The above lists cover incidents that occur on school grounds, going to and from school, and during lunch and at school-sponsored activities. Schools can suspend or expel students for various other offenses, as long as the students’ actions relate to school attendance or school activities.

When a student is recommended for expulsion, the school board has the final decision. While zero-tolerance laws mandate that school districts recommend students for expulsion for certain offenses, a board has the power to suspend expulsions and set specific requirements, such as assigning the student to a specific school, class or program deemed appropriate for the rehabilitation of the student. If the student subsequently commits any “suspendable” or “expellable” offense, or violates any of the district’s own rules and regulations, then the governing board may reinstate the expulsion.

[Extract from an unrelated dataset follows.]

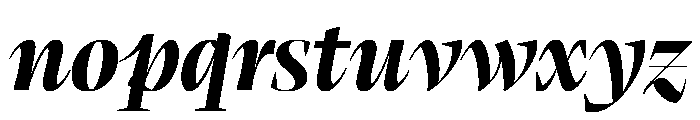 LemanicItalicGX ExtraBoldItalic Instance 886895c9 Font LOWERCASE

The County Office of Education’s role in discipline decisions

State law requires districts and county offices to provide off-site educational services to expelled students. County offices usually run modified school programs, known as community day schools, for students who have been expelled or convicted of crimes.

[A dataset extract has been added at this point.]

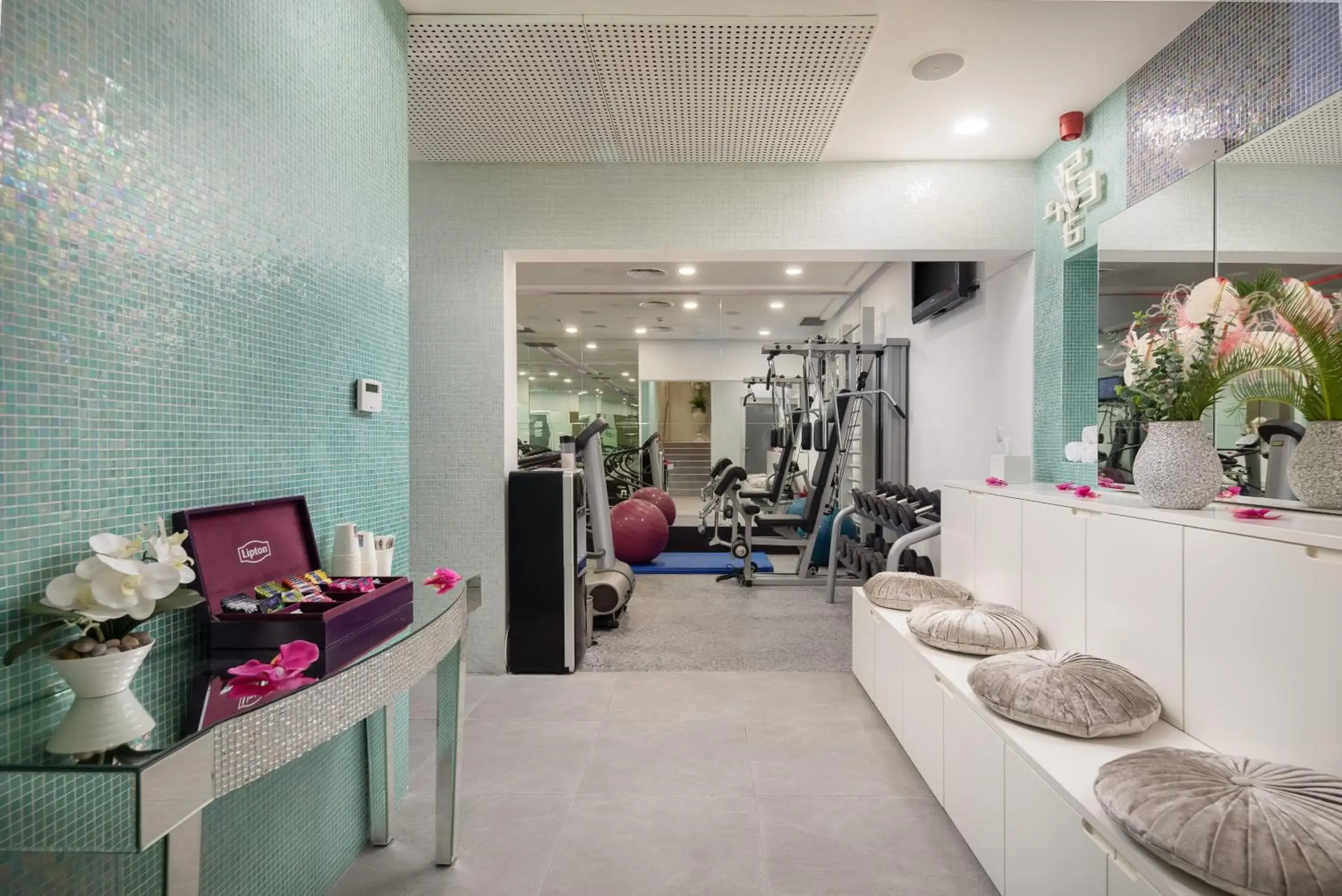 Fitness centre/facilities in Hotel Luxe Fitness centre/facilities in Hotel Luxe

The role of the Education Code and other laws in discipline decisions

The Ed Code requires that schools report students to law enforcement agencies in specified situations. This includes possession or use of weapons or controlled substances, as well as incidents in which a student attacks, assaults or menaces any school employee.

Other key influences on discipline decisions

To keep students safe, schools must depend heavily on the cooperation of parents and the larger community including:

  • Law enforcement agencies. In some communities, police departments, juvenile courts, city governments and schools have established partnerships to improve school and community safety. Working together, they can be very effective at addressing issues of truancy and youth crime. For example, strategies such as drug-free zones around schools can help keep students safe.
  • Parents and communities. Working together, parents and schools can give students consistent messages about acceptable school behavior. They can also combine forces to make sure students have constructive activities after school.